WHAT TO PRODUCE => Your copy of the data should match it exactly, leaving out only the pictures.

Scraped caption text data
————————

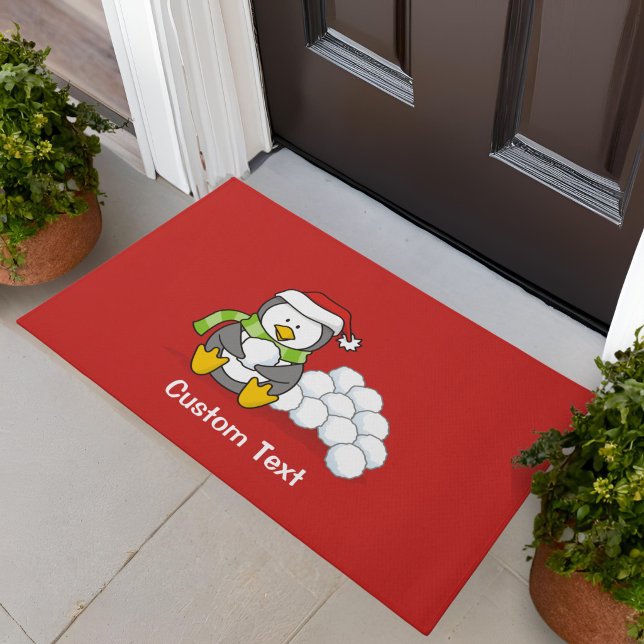 Weihnachtspinguin sitzend mit Schneebälle Fußmatte (Von Creator hochgeladen)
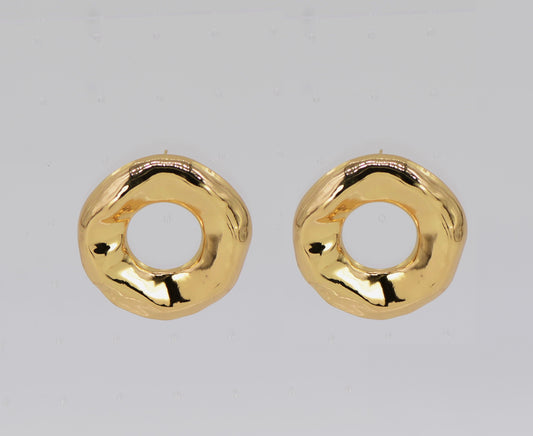 Pair of gold hoop earrings on a light gray background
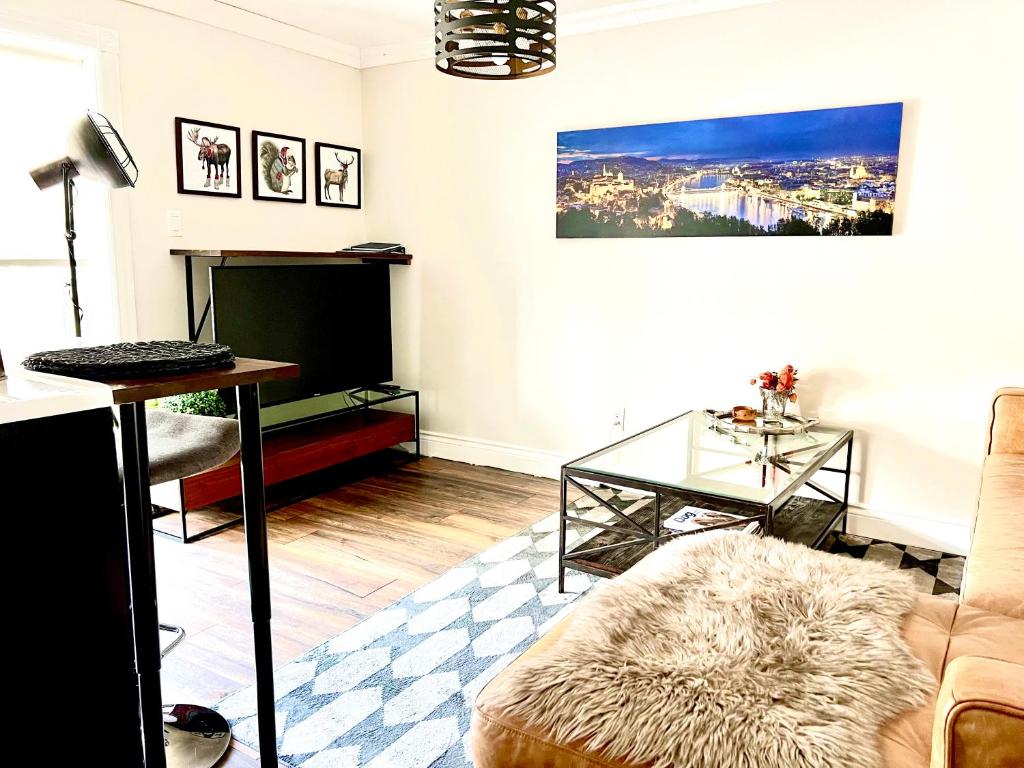 a living room with a couch and a table at Budapest - Heritage Tay Basin Water View in Perth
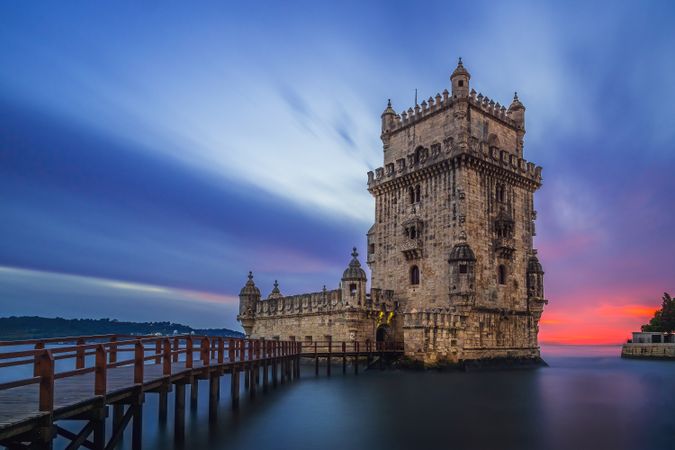 Medieval stone tower in dusky seascape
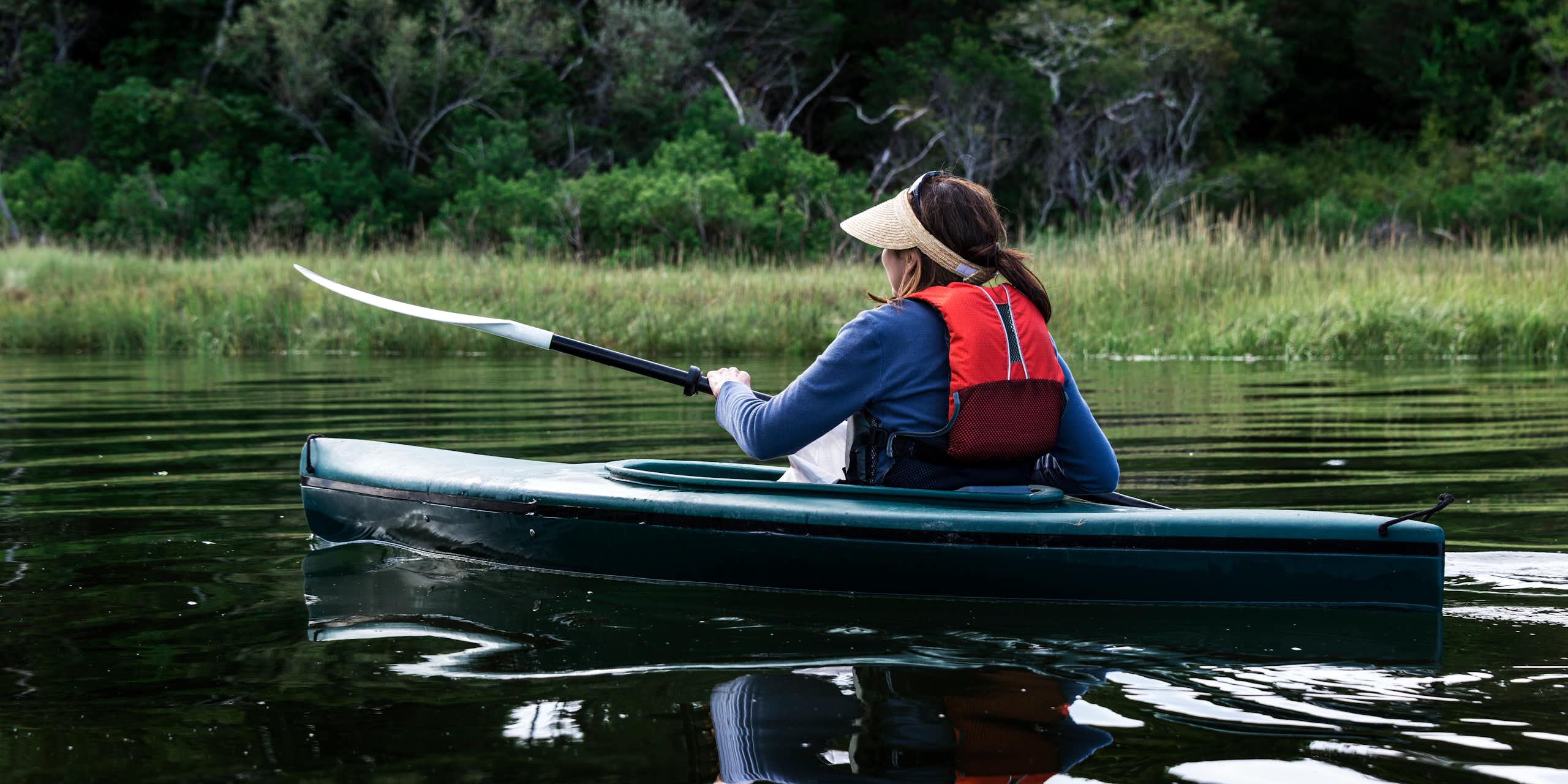 A woman paddles a kayak on a quiet river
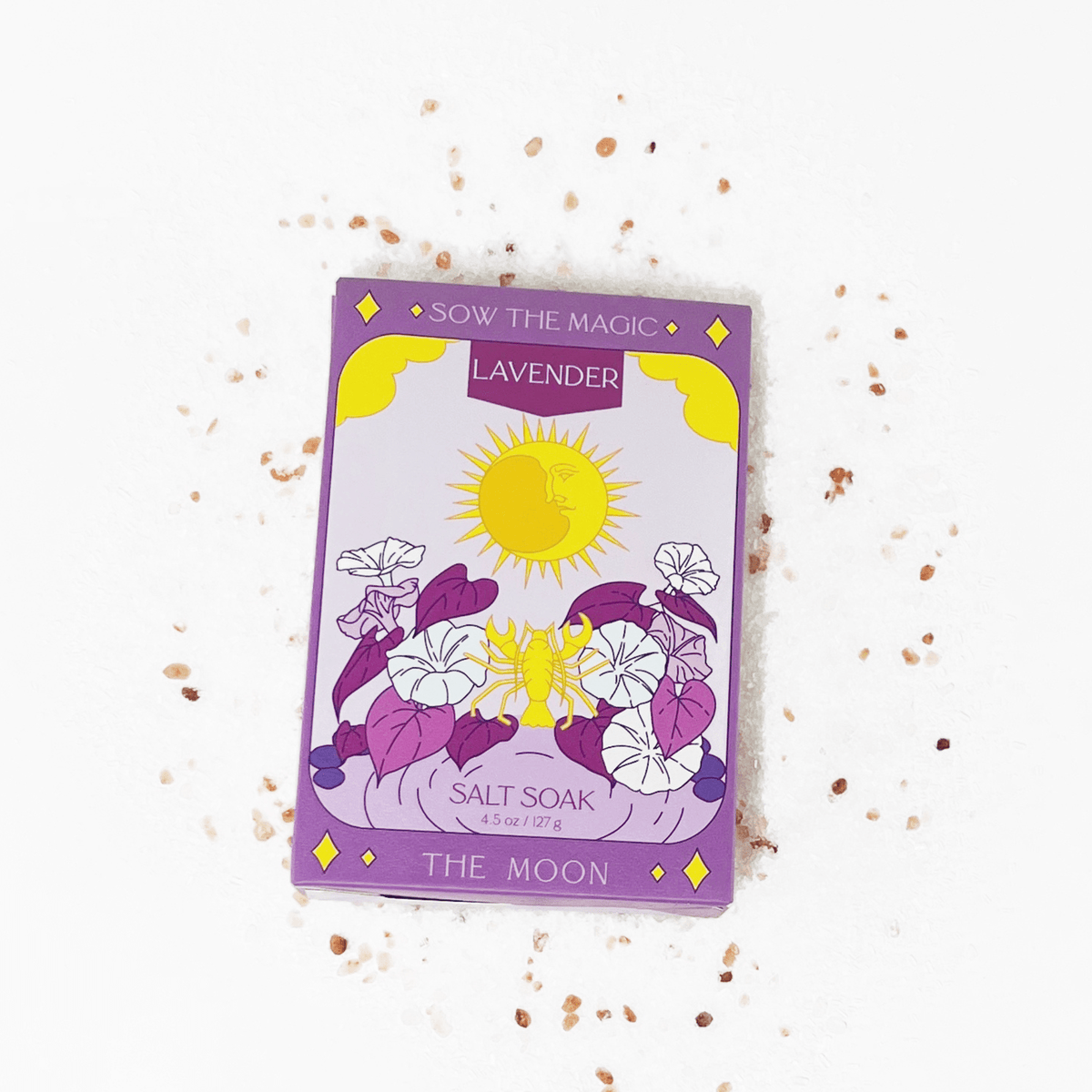 A packet of Sow the Magic The Moon Salt Soak in Lavender sits on a white surface with pink salt crystals. Its purple and yellow packaging features moonflowers, a sun illustration, and promotes mineral benefits.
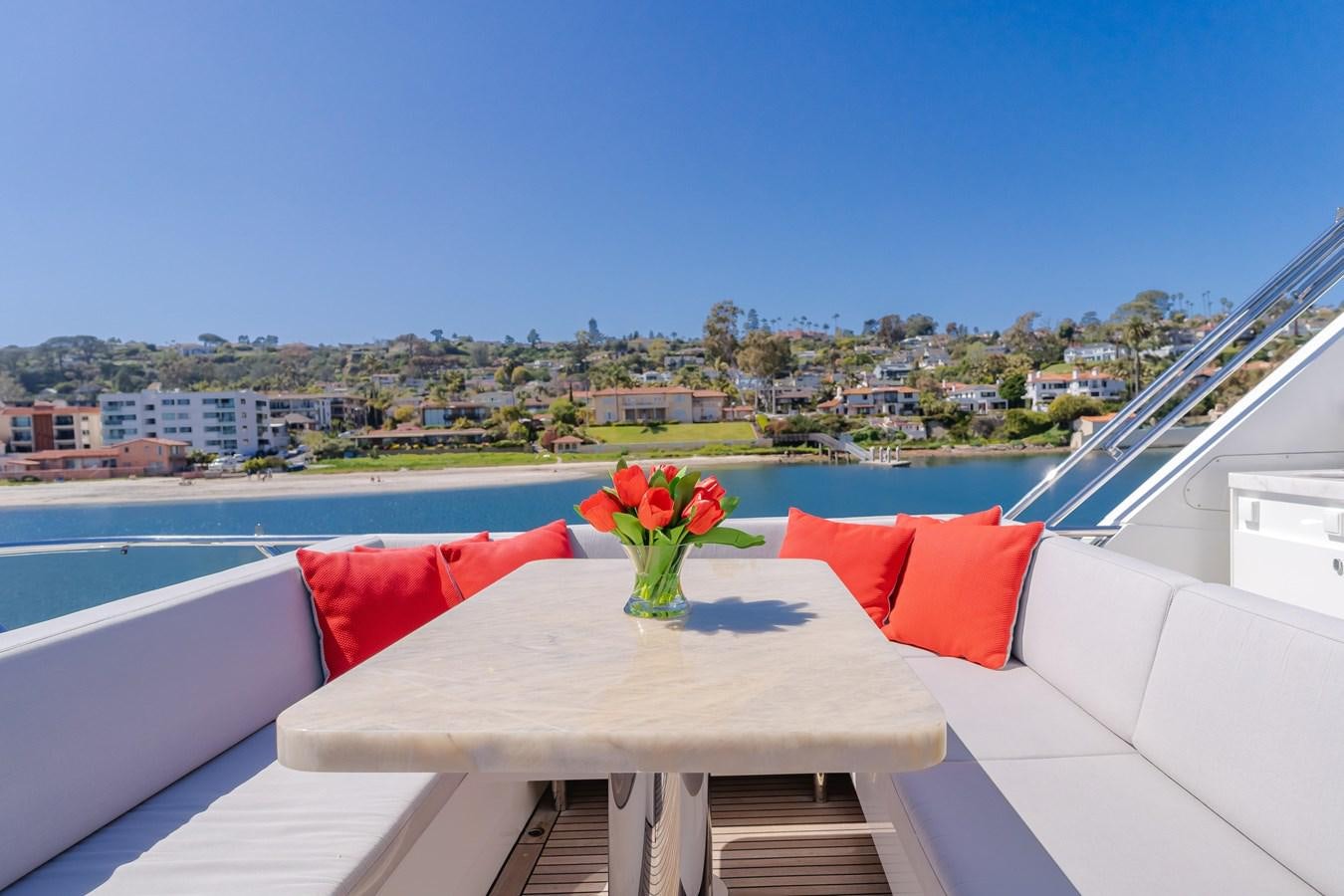 a balcony with a table and chairs with flowers on it aboard GYRFALCON Yacht for Sale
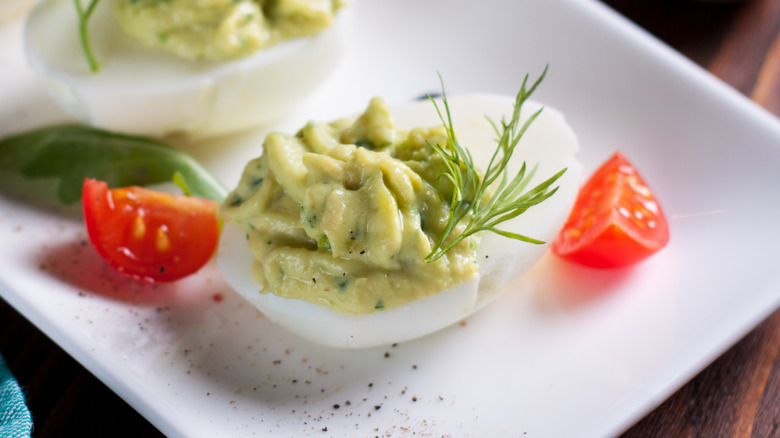 Avocado deviled eggs with tomatoes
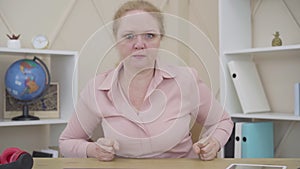 Portrait of furious senior woman pounding fist on a table. Angry Caucasian lady expressing hate as looking at camera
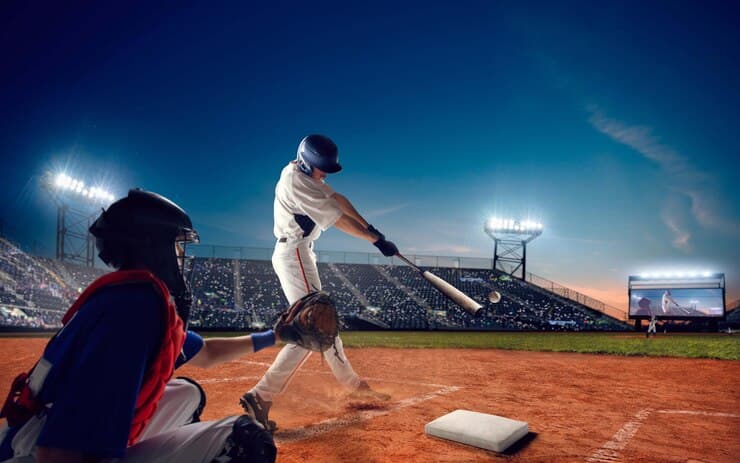 Players Playing Baseball on the Field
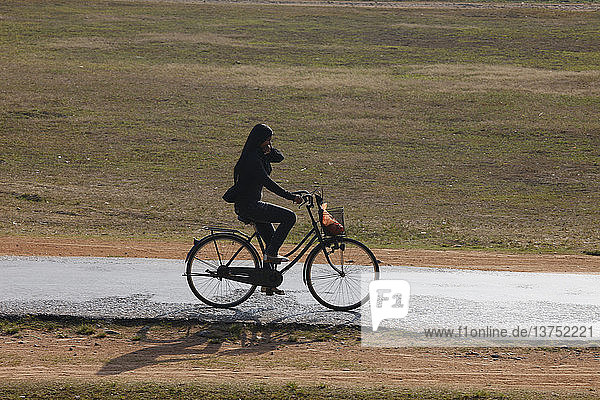 Kambodschanische Frau fährt mit dem Fahrrad auf einer kleinen Straße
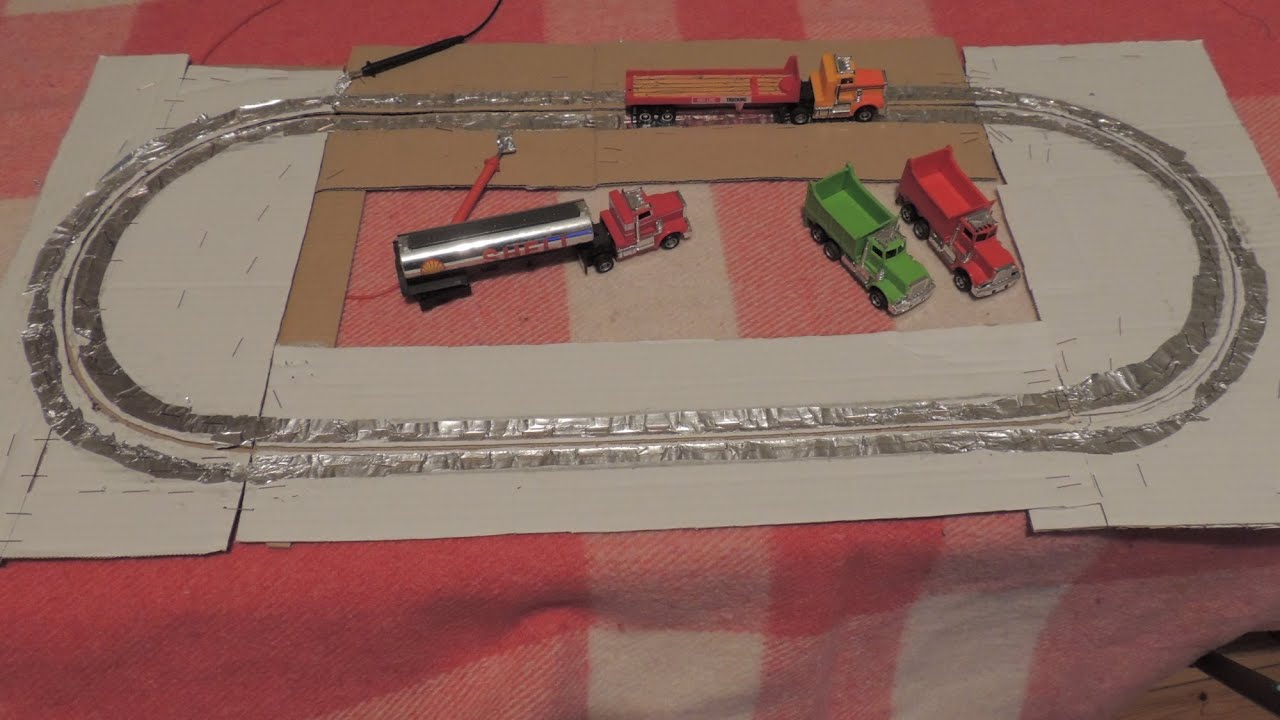 Tyco slot cars trucks & lorries on homemade track of cardboard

————————

RESPONSE =>
 Weihnachtspinguin sitzend mit Schneebälle Fußmatte (Von Creator hochgeladen)
 Pair of gold hoop earrings on a light gray background
 a living room with a couch and a table at Budapest - Heritage Tay Basin Water View in Perth
 Medieval stone tower in dusky seascape
 A woman paddles a kayak on a quiet river
 A packet of Sow the Magic The Moon Salt Soak in Lavender sits on a white surface with pink salt crystals. Its purple and yellow packaging features moonflowers, a sun illustration, and promotes mineral benefits.
 a balcony with a table and chairs with flowers on it aboard GYRFALCON Yacht for Sale
 Avocado deviled eggs with tomatoes
 Portrait of furious senior woman pounding fist on a table. Angry Caucasian lady expressing hate as looking at camera
 Players Playing Baseball on the Field
 Kambodschanische Frau fährt mit dem Fahrrad auf einer kleinen Straße
 Tyco slot cars trucks & lorries on homemade track of cardboard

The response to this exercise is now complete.